This comment fixed it for me!

I ran sudo nfsd update, restarted my system and ran trellis up again. I’m back to the process failing at [wordpress-install : Install Dependencies with Composer] but it didn’t exit directly afterward. There’s this output

RUNNING HANDLER [common : restart memcached] ***********************************
changed: [default]

RUNNING HANDLER [common : reload php-fpm] **************************************
changed: [default]

RUNNING HANDLER [common : restart journald] ************************************
changed: [default]

RUNNING HANDLER [common : reload nginx] ****************************************
changed: [default]

RUNNING HANDLER [common : perform nginx reload] ********************************
changed: [default]

RUNNING HANDLER [fail2ban : restart fail2ban] **********************************
changed: [default]

RUNNING HANDLER [ferm : restart ferm] ******************************************
skipping: [default]

RUNNING HANDLER [ntp : restart ntp] ********************************************
changed: [default]

RUNNING HANDLER [ntp : restart cron] *******************************************
skipping: [default]

RUNNING HANDLER [sshd : restart ssh] *******************************************
changed: [default]

RUNNING HANDLER [mariadb : restart mysql server] *******************************
changed: [default]

Thank you @Twansparant. I am trying that update now.

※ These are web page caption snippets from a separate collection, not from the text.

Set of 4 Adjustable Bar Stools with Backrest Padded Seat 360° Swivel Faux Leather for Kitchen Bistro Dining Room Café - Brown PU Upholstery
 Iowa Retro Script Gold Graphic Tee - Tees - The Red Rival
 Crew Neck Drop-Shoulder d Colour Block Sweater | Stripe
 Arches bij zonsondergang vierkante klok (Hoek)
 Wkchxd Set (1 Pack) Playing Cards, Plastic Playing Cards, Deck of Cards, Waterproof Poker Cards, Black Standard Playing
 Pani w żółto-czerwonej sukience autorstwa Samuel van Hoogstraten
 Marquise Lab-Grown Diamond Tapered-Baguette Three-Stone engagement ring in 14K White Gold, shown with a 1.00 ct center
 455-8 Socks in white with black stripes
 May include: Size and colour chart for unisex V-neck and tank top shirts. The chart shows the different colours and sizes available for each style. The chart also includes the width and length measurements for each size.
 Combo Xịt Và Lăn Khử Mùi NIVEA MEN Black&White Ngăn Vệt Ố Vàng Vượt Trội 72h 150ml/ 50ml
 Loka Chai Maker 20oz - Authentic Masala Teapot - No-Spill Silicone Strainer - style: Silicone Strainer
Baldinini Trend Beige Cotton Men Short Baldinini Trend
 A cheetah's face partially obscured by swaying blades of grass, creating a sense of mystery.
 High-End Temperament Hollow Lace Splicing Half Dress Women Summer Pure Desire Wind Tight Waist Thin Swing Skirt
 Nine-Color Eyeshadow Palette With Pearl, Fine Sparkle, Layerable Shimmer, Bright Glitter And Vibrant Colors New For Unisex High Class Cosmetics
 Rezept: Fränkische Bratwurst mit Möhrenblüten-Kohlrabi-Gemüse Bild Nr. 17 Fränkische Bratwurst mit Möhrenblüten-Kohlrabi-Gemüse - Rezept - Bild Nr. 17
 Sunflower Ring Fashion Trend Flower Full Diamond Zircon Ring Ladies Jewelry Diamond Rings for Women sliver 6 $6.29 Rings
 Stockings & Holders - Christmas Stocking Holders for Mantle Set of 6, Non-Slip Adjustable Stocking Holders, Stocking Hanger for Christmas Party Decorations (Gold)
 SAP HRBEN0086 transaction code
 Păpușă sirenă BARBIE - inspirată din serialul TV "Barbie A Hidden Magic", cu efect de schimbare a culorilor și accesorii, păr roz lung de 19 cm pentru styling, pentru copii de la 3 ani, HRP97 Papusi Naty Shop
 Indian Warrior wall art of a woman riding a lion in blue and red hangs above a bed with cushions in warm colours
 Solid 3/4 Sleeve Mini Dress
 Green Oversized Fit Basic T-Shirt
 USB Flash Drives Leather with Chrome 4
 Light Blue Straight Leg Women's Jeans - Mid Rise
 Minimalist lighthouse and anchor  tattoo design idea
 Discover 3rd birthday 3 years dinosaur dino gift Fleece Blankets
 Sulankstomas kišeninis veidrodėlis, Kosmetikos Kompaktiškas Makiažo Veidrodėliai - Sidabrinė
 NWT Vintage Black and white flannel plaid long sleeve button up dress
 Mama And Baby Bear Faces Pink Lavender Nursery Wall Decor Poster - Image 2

Ok, I just accomplished a complete provision of the local development environment with Trellis. I updated the following system permissions on my macOS Sonoma MacBook:

  • Gave full disc access to the nfsd executable - referenced this Stack Overflow post - thank you @ben for the link
  • Updated the exports file by running sudo nfsd update - referenced here
  • then updated the vagrant.default.yml file - referenced here

Thank you @ben, MWDelaney, and @Twansparant for your prompt and on point responses. You are all awesome!